Le risque de cancer du sein serait-il augmenté à la suite de certaines dysthyroïdies ?

Avec un chiffre de plus de 450 000 nouveaux cas par an en Europe, le cancer du sein reste le plus fréquent des cancers. Les hormones sexuelles endogènes et exogènes jouent un rôle important dans sa pathogénie. L’impact des hormones thyroïdiennes est, quant à lui, débattu. En effet, in vitro les hormones thyroïdiennes, à un niveau élevé, exercent une action estrogène-like avec une promotion de la prolifération cellulaire et une augmentation de l’angiogenèse. Ainsi, le risque de cancer du sein en cas d’hyperthyroïdie a déjà été évoqué dans certaines publications antérieures mais les données des études épidémiologiques publiées à ce jour ne permettent pas de conclure.

Une équipe européenne rapporte les résultats d’une vaste étude de cohorte menée au Danemark à partir de registres nationaux de santé. Ainsi, entre 1978 et 2013, les auteurs ont analysé les données de plus de 4 millions de femmes. Ils se sont attachés à répertorier les nouveaux cas d’hyperthyroïdie et d’hypothyroïdie ainsi que les nouveaux cancers du sein survenant plus d’un an après le diagnostic de la dysthyroïdie.

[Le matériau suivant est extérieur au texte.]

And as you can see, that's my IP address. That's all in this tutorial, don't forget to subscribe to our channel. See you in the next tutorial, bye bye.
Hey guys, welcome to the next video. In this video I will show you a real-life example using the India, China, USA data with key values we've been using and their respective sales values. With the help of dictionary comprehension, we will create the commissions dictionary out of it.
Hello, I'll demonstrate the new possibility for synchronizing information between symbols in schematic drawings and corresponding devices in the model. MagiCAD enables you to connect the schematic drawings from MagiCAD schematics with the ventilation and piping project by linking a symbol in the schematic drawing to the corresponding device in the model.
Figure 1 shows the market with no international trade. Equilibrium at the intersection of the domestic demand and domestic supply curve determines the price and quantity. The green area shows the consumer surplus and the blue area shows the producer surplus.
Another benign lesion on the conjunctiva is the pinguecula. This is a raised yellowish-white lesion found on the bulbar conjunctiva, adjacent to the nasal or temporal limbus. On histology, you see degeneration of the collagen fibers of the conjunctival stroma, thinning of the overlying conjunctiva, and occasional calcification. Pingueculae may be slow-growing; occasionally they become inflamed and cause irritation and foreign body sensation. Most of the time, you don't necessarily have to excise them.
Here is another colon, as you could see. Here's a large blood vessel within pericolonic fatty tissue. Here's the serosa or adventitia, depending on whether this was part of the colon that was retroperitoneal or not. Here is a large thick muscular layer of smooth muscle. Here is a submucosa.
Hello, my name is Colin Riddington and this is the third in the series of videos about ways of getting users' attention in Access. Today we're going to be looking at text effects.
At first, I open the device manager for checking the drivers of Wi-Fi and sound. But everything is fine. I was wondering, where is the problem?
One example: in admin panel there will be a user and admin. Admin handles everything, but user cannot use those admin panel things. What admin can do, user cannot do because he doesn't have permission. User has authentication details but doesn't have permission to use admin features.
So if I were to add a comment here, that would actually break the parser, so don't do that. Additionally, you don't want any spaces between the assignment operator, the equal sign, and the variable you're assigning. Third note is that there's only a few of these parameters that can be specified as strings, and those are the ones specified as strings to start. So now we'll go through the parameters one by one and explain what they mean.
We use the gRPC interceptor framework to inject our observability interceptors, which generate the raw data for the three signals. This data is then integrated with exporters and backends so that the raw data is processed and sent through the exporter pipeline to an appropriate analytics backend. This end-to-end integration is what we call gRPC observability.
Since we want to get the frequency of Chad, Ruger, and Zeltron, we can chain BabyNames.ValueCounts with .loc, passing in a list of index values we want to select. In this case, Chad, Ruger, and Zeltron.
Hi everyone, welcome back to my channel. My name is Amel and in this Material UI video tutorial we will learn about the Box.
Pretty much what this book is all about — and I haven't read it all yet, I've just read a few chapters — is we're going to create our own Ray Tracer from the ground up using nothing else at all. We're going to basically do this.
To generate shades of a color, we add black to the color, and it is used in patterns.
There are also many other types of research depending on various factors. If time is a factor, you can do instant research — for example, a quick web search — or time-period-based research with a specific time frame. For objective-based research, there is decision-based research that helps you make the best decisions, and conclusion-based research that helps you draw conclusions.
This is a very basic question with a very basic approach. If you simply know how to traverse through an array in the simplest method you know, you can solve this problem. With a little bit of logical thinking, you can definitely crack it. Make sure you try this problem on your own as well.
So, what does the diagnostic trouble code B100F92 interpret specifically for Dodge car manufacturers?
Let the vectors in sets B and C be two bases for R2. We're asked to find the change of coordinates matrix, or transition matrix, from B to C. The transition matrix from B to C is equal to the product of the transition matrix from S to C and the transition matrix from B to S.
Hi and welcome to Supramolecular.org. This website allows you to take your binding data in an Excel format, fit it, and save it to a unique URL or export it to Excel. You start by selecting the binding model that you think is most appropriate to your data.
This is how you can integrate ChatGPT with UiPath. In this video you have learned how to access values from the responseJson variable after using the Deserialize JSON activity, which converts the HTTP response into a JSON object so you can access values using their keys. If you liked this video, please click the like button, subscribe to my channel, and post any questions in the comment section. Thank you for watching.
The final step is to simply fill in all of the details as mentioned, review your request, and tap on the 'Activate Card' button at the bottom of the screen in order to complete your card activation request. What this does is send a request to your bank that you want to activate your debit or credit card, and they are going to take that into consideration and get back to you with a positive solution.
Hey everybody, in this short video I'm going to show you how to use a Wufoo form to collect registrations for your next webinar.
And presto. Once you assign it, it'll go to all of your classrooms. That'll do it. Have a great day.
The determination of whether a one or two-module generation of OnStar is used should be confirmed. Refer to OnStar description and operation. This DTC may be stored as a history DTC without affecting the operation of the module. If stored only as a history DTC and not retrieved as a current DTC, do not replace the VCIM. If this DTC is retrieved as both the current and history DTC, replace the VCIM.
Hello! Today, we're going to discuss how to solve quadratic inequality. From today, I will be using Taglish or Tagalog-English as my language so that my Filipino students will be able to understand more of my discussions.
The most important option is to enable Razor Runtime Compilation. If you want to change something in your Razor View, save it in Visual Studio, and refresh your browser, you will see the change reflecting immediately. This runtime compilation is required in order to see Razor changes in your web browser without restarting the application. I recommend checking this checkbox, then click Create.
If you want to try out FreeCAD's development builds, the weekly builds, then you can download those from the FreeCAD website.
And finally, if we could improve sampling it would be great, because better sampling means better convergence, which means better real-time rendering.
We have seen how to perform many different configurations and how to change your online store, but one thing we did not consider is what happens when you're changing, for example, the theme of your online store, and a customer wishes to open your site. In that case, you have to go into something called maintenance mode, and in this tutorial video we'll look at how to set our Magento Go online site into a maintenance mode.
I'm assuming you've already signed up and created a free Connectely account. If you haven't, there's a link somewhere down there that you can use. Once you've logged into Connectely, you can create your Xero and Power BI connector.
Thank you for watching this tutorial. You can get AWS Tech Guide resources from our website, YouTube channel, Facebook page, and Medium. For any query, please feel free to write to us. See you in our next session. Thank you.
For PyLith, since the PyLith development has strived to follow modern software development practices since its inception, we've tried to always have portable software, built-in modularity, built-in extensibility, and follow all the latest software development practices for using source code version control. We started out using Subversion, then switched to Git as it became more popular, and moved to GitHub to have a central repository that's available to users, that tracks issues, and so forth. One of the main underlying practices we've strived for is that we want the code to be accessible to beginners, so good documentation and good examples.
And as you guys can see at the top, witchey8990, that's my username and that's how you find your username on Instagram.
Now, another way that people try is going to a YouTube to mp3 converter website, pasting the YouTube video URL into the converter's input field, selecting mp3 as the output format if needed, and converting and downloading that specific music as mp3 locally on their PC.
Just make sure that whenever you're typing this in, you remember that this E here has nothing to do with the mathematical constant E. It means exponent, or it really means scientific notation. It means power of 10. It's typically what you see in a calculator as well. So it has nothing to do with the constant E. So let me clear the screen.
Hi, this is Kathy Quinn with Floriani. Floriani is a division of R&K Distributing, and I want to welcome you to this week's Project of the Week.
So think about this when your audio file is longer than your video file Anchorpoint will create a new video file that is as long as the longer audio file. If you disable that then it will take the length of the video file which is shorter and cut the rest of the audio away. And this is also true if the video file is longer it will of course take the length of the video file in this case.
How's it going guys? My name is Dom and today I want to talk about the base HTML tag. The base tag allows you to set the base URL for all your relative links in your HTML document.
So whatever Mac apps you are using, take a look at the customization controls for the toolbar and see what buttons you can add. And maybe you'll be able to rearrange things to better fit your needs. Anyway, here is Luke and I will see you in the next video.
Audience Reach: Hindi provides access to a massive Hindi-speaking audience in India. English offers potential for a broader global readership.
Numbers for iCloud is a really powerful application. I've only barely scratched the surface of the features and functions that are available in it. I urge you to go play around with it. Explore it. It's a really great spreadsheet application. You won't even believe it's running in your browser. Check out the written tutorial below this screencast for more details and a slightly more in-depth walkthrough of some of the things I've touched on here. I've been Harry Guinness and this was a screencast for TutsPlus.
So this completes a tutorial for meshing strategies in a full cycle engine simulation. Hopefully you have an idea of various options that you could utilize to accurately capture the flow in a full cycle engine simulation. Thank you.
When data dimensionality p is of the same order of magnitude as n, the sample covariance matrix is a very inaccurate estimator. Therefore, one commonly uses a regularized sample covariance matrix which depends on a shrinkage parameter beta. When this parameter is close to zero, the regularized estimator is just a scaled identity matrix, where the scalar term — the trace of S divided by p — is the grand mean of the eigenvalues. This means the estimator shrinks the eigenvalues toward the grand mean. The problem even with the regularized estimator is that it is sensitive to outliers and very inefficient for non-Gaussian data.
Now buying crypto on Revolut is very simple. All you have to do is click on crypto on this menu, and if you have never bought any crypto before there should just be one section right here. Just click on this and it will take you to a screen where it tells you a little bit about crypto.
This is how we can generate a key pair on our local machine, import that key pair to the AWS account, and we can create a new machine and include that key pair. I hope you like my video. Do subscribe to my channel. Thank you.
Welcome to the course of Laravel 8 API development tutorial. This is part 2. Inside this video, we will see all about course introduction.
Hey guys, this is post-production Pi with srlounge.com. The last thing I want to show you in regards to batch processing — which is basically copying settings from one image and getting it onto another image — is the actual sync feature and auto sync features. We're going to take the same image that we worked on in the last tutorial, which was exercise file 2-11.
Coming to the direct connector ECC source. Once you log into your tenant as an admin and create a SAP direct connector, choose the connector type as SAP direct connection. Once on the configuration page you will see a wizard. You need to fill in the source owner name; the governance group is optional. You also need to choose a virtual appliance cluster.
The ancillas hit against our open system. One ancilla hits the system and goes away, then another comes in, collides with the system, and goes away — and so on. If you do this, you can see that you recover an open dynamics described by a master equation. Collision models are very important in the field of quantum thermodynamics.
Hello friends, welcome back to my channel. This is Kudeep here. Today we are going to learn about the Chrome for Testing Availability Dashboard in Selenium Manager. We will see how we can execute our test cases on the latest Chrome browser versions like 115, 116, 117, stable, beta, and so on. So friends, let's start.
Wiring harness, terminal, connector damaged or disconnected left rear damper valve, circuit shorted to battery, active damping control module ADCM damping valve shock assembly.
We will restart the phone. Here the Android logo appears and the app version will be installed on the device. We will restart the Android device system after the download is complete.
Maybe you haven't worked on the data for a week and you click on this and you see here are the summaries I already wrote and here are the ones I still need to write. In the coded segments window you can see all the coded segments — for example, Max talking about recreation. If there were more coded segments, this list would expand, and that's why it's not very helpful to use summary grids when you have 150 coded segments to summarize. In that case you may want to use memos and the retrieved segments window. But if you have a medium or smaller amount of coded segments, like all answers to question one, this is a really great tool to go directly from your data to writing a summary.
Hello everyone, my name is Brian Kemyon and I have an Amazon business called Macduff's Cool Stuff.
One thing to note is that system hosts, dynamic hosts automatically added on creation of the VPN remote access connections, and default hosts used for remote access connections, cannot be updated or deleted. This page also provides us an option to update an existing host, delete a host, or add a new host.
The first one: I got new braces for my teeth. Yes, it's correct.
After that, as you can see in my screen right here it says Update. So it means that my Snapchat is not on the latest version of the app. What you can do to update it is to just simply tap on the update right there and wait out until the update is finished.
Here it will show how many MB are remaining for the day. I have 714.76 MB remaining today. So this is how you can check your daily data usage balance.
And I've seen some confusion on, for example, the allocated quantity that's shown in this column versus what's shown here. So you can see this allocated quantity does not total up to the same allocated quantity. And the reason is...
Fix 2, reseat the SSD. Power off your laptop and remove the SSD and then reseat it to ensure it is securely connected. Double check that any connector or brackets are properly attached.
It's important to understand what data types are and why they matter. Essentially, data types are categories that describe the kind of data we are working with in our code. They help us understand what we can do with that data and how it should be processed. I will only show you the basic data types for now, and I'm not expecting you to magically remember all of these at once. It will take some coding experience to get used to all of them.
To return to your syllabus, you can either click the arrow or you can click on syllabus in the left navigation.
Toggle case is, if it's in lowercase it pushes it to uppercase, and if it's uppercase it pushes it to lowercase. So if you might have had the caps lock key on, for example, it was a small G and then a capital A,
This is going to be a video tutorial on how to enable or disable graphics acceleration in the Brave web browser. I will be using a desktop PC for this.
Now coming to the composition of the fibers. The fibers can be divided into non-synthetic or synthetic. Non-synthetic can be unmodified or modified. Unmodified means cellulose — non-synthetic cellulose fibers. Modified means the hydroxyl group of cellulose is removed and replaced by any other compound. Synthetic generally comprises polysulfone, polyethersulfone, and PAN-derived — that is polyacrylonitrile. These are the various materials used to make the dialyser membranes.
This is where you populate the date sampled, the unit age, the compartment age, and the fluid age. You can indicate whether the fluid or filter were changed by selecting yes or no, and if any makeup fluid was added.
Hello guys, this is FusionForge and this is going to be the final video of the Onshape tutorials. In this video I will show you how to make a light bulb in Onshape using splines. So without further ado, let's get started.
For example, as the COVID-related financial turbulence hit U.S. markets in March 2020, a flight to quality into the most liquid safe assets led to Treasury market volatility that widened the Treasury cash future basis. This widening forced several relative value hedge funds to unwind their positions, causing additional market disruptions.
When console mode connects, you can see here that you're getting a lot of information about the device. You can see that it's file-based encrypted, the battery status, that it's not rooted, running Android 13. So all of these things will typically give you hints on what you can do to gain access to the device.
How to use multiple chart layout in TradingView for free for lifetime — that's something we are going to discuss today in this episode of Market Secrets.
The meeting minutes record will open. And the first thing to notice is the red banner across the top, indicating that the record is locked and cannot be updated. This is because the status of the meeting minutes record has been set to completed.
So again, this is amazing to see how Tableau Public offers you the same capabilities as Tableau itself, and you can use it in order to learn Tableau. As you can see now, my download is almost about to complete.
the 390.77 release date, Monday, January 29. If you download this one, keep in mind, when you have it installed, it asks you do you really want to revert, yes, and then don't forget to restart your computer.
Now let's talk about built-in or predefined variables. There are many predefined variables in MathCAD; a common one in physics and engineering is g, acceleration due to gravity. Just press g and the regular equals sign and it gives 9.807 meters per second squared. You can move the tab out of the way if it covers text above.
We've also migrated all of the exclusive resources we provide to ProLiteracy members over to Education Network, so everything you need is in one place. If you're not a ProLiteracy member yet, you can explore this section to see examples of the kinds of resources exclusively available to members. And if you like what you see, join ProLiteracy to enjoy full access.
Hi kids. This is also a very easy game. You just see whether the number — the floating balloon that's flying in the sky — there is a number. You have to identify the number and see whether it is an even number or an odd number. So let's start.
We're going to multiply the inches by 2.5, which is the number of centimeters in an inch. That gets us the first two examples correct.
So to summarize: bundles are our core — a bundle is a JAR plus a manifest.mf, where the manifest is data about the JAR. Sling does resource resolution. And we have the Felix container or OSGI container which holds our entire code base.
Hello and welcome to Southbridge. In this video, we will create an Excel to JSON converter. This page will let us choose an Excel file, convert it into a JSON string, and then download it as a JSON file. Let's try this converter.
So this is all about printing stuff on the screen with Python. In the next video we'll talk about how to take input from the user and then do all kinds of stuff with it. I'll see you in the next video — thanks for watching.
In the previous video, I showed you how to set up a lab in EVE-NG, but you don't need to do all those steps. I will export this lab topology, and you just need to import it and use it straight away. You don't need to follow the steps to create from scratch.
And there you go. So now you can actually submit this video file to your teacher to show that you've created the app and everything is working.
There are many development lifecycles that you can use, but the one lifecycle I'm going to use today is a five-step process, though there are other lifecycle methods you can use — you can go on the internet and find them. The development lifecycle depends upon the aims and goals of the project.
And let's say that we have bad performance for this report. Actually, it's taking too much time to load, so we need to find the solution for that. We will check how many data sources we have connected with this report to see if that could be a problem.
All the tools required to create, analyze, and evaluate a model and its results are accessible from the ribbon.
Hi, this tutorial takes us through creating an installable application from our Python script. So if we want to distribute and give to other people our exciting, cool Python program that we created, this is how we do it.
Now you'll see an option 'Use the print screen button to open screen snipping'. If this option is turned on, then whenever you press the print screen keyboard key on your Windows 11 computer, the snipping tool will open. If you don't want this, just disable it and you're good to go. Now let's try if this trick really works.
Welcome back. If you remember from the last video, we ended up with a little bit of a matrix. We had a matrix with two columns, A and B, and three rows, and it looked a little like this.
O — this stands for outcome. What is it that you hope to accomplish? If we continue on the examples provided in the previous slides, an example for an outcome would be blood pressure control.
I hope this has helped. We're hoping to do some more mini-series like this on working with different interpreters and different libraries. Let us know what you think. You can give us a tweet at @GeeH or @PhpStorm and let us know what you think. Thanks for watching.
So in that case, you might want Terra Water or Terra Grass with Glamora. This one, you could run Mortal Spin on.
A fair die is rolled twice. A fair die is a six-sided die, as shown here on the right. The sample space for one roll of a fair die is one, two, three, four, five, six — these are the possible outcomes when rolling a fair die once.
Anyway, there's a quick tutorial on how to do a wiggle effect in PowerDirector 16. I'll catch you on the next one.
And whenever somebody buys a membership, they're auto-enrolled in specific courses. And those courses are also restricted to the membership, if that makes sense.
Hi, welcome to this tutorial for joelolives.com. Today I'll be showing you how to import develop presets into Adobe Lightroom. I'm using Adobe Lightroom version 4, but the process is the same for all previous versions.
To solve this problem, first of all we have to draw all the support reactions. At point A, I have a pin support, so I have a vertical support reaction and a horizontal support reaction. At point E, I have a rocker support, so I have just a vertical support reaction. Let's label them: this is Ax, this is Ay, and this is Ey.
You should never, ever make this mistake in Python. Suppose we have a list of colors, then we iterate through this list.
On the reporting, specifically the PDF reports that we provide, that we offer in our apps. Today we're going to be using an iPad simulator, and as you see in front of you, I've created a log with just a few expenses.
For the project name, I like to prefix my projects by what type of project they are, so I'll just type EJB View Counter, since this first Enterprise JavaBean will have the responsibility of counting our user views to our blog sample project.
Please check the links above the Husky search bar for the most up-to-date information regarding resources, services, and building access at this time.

Le diagnostic d’hypothyroïdie a été établi chez plus de 60 000 femmes avec un âge médian de 71 ans lors de la découverte et celui d’hyperthyroïdie chez plus de 8000 femmes avec un âge médian de 70 ans.

La médiane de suivi était de 4,9 ans (1,8-9,5) pour l’hypothyroïdie. Celle-ci était associée à un risque diminué de cancer du sein : 0,94 (IC à 95% 0,88-1,00) comparativement à ce qui était attendu dans cette tranche d’âge.

La médiane de suivi était de 7,4 ans (3,1-13,5) pour l’hyperthyroïdie. Celle-ci était associée à un risque augmenté de cancer du sein : 1,11 (IC à 95% 1,07-1,16) comparativement à ce qui était attendu dans cette tranche d’âge.

Il n’apparaissait pas de différence selon l’étiologie de l’hyperthyroïdie ni en cas de traitement par Iode radioactif. L’accroissement du risque en cas d’hyperthyroïdie restait inchangé après ajustement sur certains facteurs tels que le stade du cancer, ses récepteurs hormonaux, l’âge, les comorbidités.

Cet article semble donc évoquer une modeste association positive entre hyperthyroïdie et risque de cancer du sein. Plusieurs processus physiopathologiques sous-jacents ont été évoqués. In vitro, il existe un effet prolifératif de la T3 (hormone thyroïdienne active) sur les cellules mammaires. Ainsi, la T3 se fixe sur un récepteur nucléaire et induit la transcription de gènes impliqués dans l’homéostasie énergétique et la prolifération cellulaire. Dans certaines lignées cancéreuses, la T3 et les estrogènes stimulent de façon synergique la prolifération cancéreuse.

Dans l’état actuel des connaissances et malgré la publication de cette vaste étude de cohorte, il semble très prématuré de faire de l’hyperthyroïdie un nouveau facteur de risque du cancer du sein malgré des hypothèses physiopathologiques intéressantes !

Sogaard M, Kormendiné Farkas D, et al. Hypothyroidism and hyperthyroidism and breast cancer risk : a nationwide cohort study. European journal of endocrinology.2016 ; 174 : 409-414.